*TASK INSTRUCTIONS*:
Look for the line containing "For lashes today" and the line containing "The vehicle has" in the entries below. Copy those two and all lines between them exactly, leaving out pictures.

*SOURCE DATA*:
=-=-=-=-=

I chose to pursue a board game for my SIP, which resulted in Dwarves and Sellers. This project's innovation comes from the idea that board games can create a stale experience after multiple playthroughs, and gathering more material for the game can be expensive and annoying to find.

=-=-=-=-=

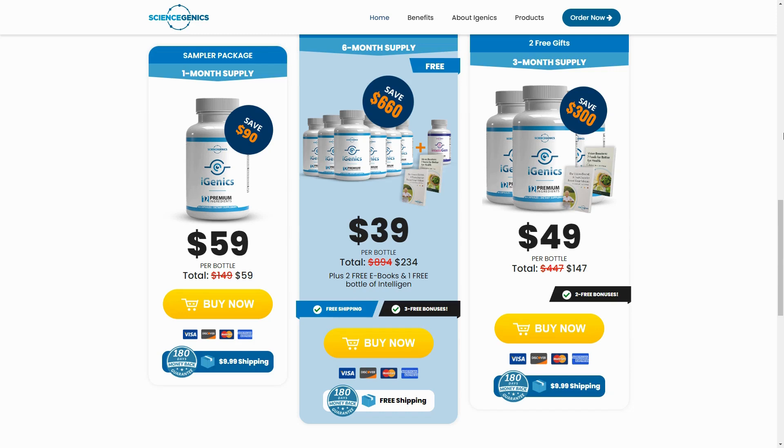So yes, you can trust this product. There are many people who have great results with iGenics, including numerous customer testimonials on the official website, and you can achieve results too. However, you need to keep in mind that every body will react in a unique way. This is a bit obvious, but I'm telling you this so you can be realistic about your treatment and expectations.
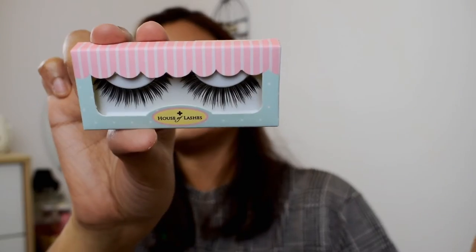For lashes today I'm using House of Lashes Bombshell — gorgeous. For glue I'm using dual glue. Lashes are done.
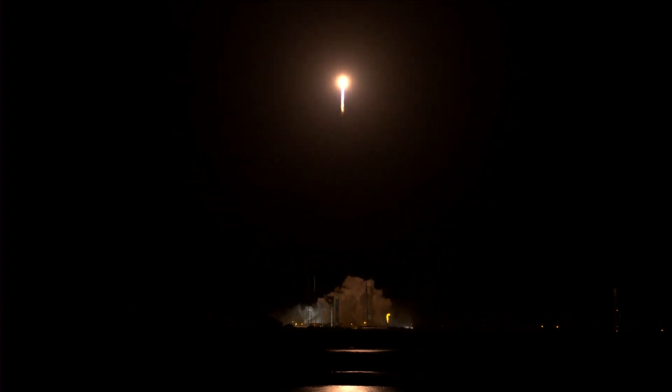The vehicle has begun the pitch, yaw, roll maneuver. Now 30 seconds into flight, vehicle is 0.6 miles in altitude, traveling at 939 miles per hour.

=-=-=-=-=

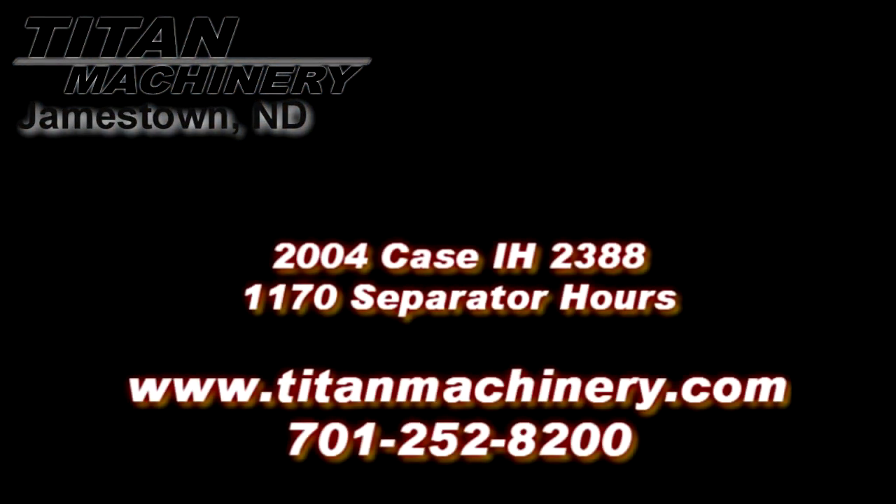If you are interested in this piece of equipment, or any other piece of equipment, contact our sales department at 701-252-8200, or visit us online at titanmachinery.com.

=-=-=-=-=

*TASK RESULT*:
For lashes today I'm using House of Lashes Bombshell — gorgeous. For glue I'm using dual glue. Lashes are done.
The vehicle has begun the pitch, yaw, roll maneuver. Now 30 seconds into flight, vehicle is 0.6 miles in altitude, traveling at 939 miles per hour.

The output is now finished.